--- Recorded data ---

***

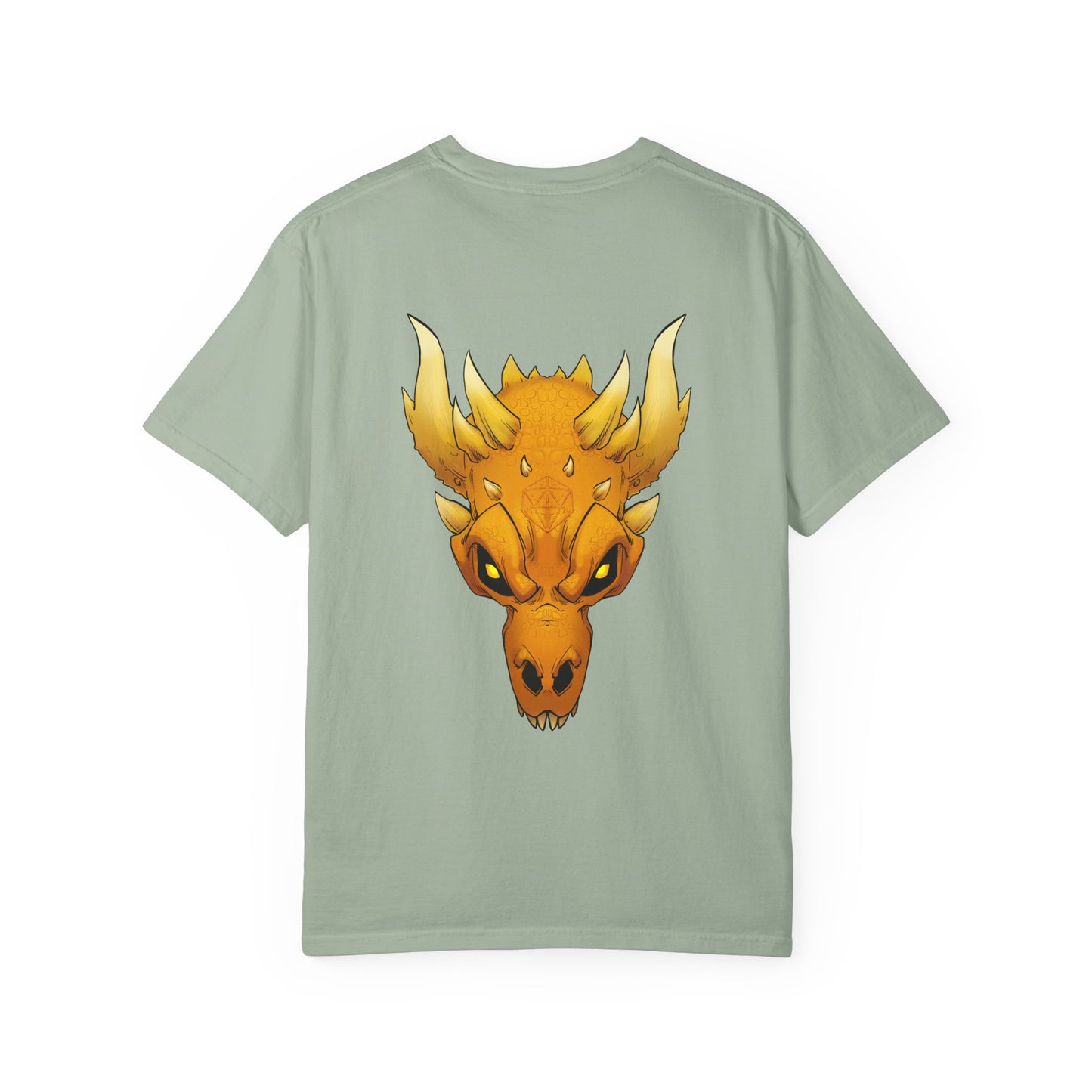 Golden Dragon Skull T-Shirt — Mythic Beast Graphic Tee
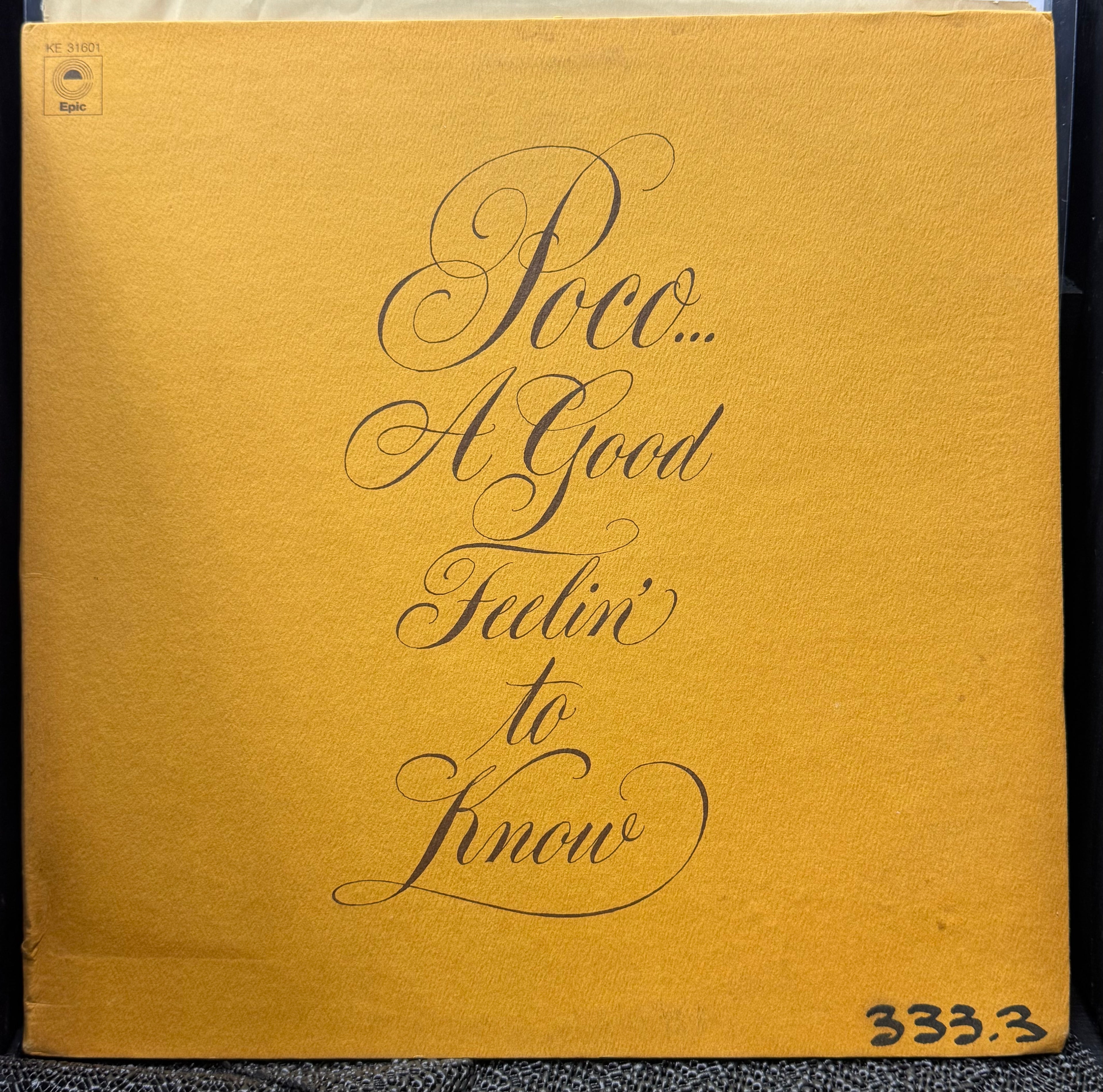 Poco - A Good Feelin' To Know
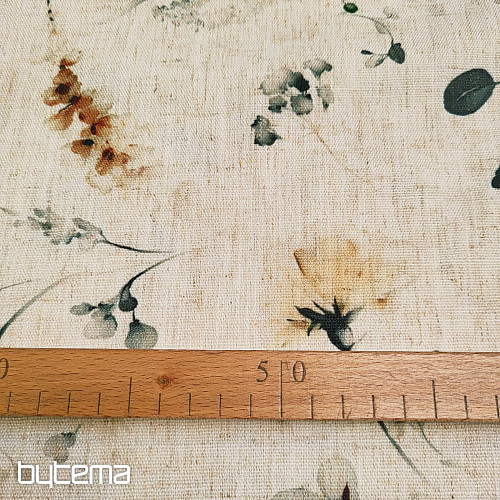 Dekorační látka POZDNÍ KVĚTY okr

***

Leave out every picture, and copy exactly the lines from the line that contains "Poco - A Good Feelin' To Know" through the end of the material.

--- Answer box ---
 Poco - A Good Feelin' To Know
 Dekorační látka POZDNÍ KVĚTY okr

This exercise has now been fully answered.